It’s May 8th, and Ike Davis is hitting .177 (17-96, .217 BABIP) / .271 (31-111) / .313 (30-96) with 4 home runs, 8 RBI, and a 33:13 K:BB in 111 plate appearances.
Through May 8th last year, he hit .167 (17/102, .206 BABIP) / .227 (25/110) / .265 (27/102), with 3 home runs, 9 RBI, and a 31:8 K:BB in 110 plate appearances.
It looks similar, with two caveats – first, Ike has done much better at getting on base, earning six additional trips to first base (5 via walk, 1 via HBP). Second, Ike’s slugging percentage is much higher (due to an additional home run and the aforementioned walks). The strikeout rate is very similar, as is the underwhelming batting average on balls in play.
Last year, it took until the second week of June for Ike to shake off his funk, after which he was dominant (he hit .265/.347/.565 with 27 home runs from June 9th until the end of the season). He’d put together a decent week, and then regress terribly. So far, this season has been much the same. We’ve seen Justin Turner at first base, and have heard rumors of both Andrew Brown and John Buck getting reps there should Davis’ production not improve.
But maybe it has…?
In the midst of discussing how badly Ike’s been struggling this season, we’ve failed to notice that he’s raised his OPS nearly 200 points in the past three weeks, from a dismal .411 (after the first game of the Colorado double-header) to a middling-but-still-kinda-bad .592 entering tonight’s game against the White Sox. He’s hit .226/.323/.415 over that span, going 12/53 with a double, a home run, and seven walks. While a .738 OPS is nothing to write home about (especially not for a first baseman), it’s at least better than the major league average .720 OPS (.318 OBP, .402 SLG). His batting average on balls in play over that span has been .290, which matches his .286 career mark (keep in mind that home runs, as they don’t end “in play”, don’t factor into BABIP). The strikeout rate (29.7% in 2013) is still a concern, though it’s a bit early to panic (research suggests strikeout rate begins to normalize around 150 plate appearances).
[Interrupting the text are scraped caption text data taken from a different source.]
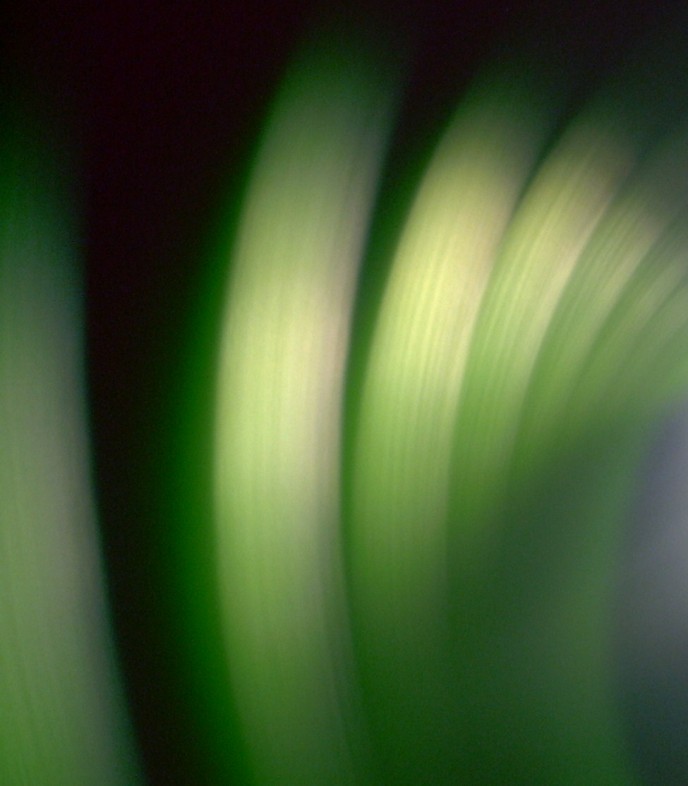 test_image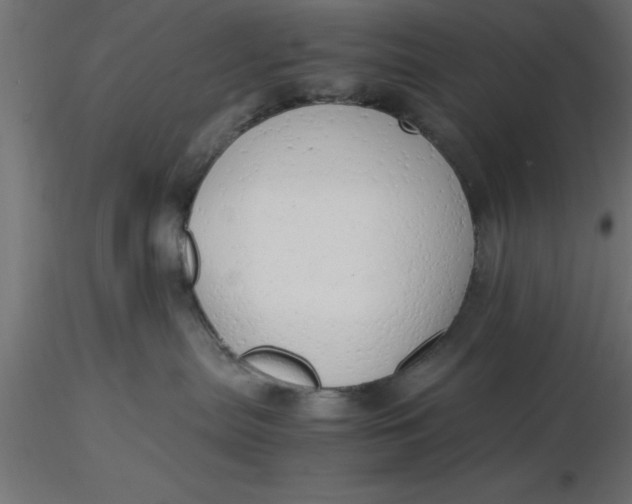 X0000116660287200912291644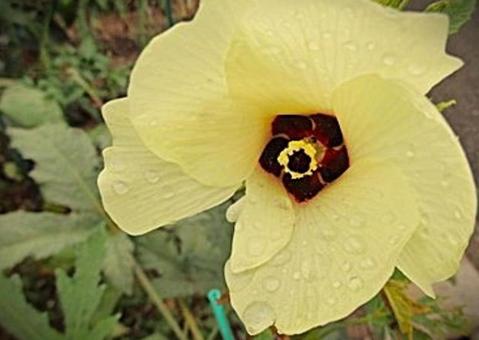 オクラの花 オクラの花の写真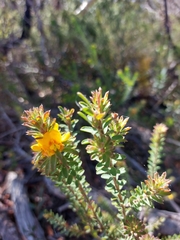 Pultenaea tuberculata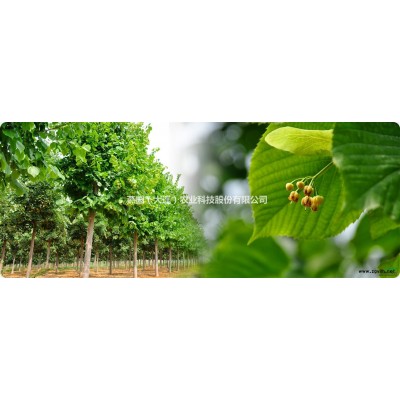 燕園紅楓----大規格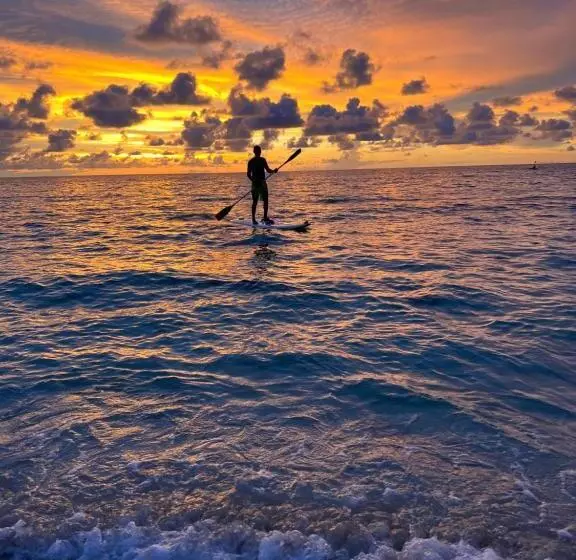 ユースホステル Acapulcobeach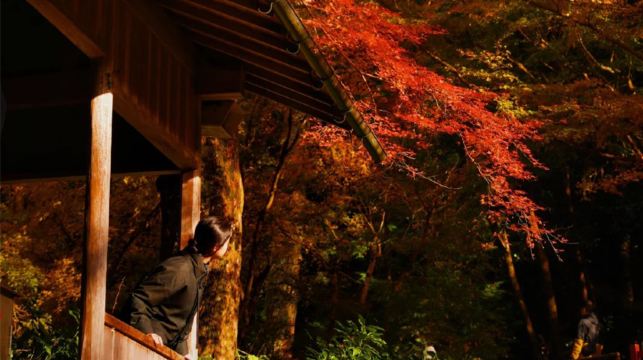 【大阪京都一日遊丨9-13小團】南禪寺&三千院&貴船神社巡遊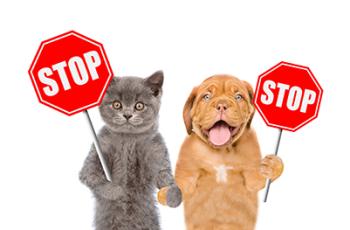 Contrasto al maltrattamento sugli animali e interventi a seguito di segnalazioni Contrasto al maltrattamento sugli animali e interventi a seguito di segnalazioni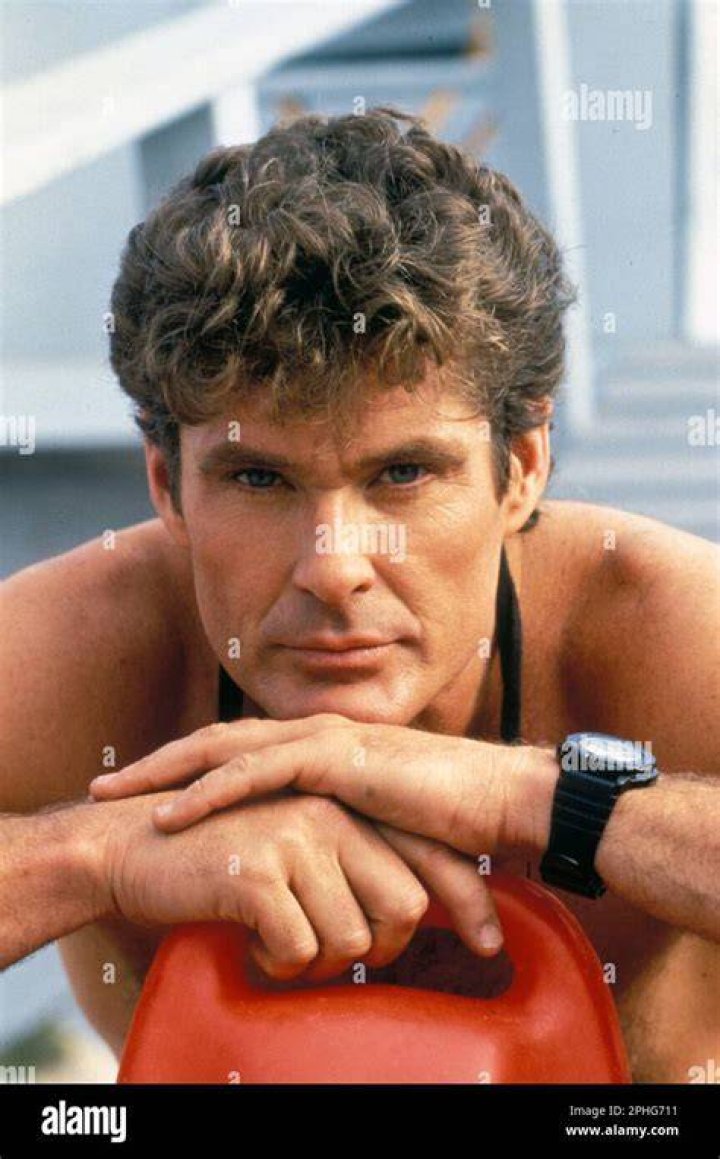 David Hasselhoff David Hasselhoff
It’s still early, and a bad week could effectively ruin it, but let’s keep this in mind: for all the discussion about how Ike Davis is struggling at the plate, we’ve completely ignored the fact that he hasn’t been particularly bad for the past three weeks. Couple that with his glove (which has been excellent this year), and the Mets could be doing a lot worse at first.